Sunday, July 13, 2008

A Kiss




The Song of Songs opens with the lines “Let him kiss me with the kisses of his mouth.” A line which instantly brings into question the idea of 'absence' and 'presence'. Whose mouth could Solomon kiss with if not his own? On one interpretation we can claim that the phrasing draws us immediately to an invocation of the divine, the kiss that is more than a kiss, the song that is more than a song, the fire that is more than a fire ... “The kiss we speak of is therefore the product of divine humility. Far from a mere touching of lips, it is a spiritual union with God. The human and the divine are mingled. Two become one. This is the kiss desired by the holy ones from long ago.” The kiss therefore expresses the desire not of communication but of presence. Bernard of Clairvaux begins his sermons on the Song by focusing on this line, the sermons serve the function of detailing the presence of God in his life but at the same time the meaning pulled from this opening line is obscured by the opacity of that line. The phrase 'holy ones from long ago' refers to the prophets who foresaw Christ's coming. Bernard is then insinuating this sense of divine longing in the Shulamite's desire toward her loved one.

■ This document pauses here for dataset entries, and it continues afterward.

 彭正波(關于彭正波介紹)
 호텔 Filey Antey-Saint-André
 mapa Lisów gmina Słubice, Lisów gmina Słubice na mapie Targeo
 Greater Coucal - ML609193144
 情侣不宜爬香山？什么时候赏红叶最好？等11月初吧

Solomon and the Shulamite are only described as together in the first of the six songs. The other five detail searching, arriving and social separation “Nevertheless, and through the very flight that is assumed by both protagonists – lovers who do not merge but are in love with the others' absence – no certainty affects the existence of the one who is loved and loves ...” The absence is also more explicitly invoked by the fluid concept of identity between the protagonists. In the opening line and Song 3 the male protagonist is clearly identified as Solomon yet at other parts the male protagonist is mentioned as being a shepherd as well as any number of more sensual images, the only role consistently designated to him is as lover. Solomon then borrows upon imagery used by the Shulamite to describe his lover in return, again transforming any notion of a stationary identity by referring to a barrage of imagery and different designatory positions. This focus on identity, presence and absence is intended not to show an identity crisis within love, but rather a sense of movement, something which becomes vital for the Hegelian and Sartrian traditions.

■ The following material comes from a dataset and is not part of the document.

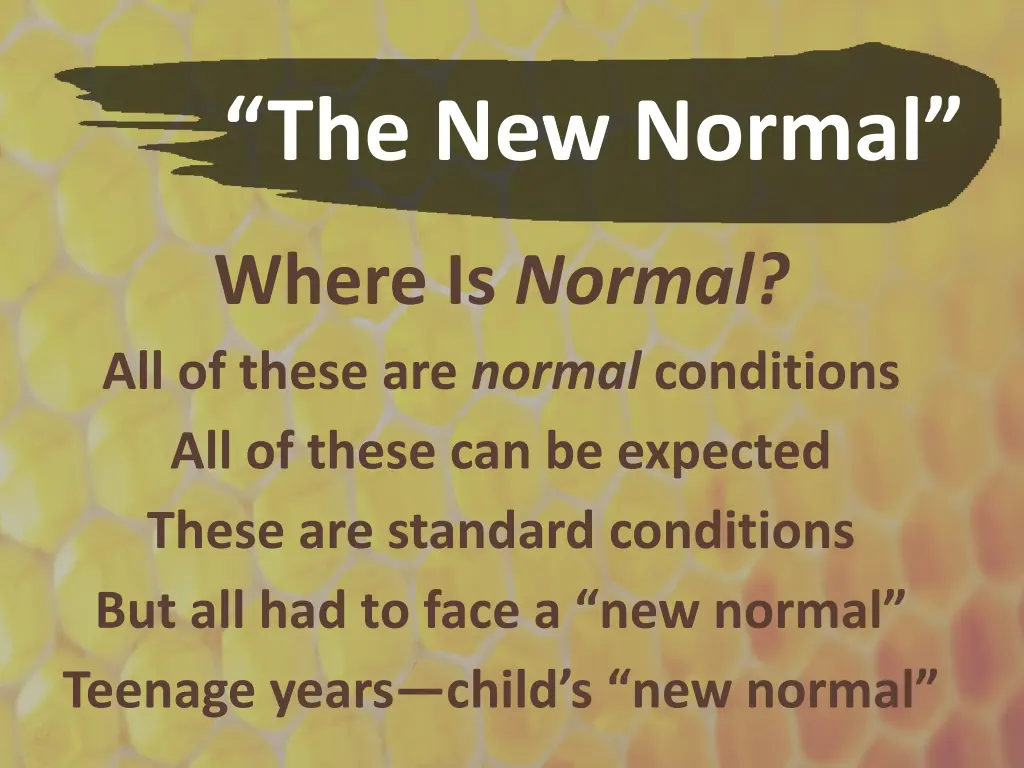 the new normal 5
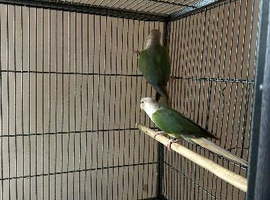 Mix conure ready to breed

“In truth, the lover and the beloved are not identifiable
characters; by this I mean the bearers of a narrative identity. In this
respect, it is not out of bounds to suggest that the question “who,”
ordinarily linked to narrative identity, comes into the poem only to
accentuate ... the appearance of origin ...”5

But there is no definitive response to this appearance of origin, rather the poem is situated within a flux of imagery and places. This extends to the point where even a necessary application of narrative is seen as irrelevant. Rather the Song progresses through an intensification and increased reliance on metaphor until the climax near the middle of the song. Yet the inclination towards this notion of origin as described by Origen, focuses the poem on the ambiguity of identity.


“The sensitive and the significant, the body and the name, are thus not only placed on the same level but fused in the same logic of undecidable infinitization, semantic polyvalence brewed by the static of love ...” The above conclusion reached by Julia Kristeva has already been argued for. Yet the this essay has not yet done due justice to certain aspects of the Song. What is precisely in question here is the role played by nature within the textual framework of the song. What is needed for a thorough analysis of the song is an explanation as to why there is a transference of desire onto natural imagery. This has on occasion been alluded to as a way of placing the text within the scope of issues of national identity – insofar as the imagery is apparently located to a specific geographical point aiding the reading of the song as demonstrating a relationship between god and Israel, or Israel and Egypt. The invocation of natural imagery acts as way of making the narrative more physical. The absence of the loved one is countermanded by the presence of nature. So that on the narrative level an element of tension is added to the text invoking
the desired object through it's very absence. The chiasmatic relationship then is added through lines such as “I am my beloved's, and his desire is towards me”7 Here we have, at its most explicit, a dialectic between the physical and non-physical transference of identity.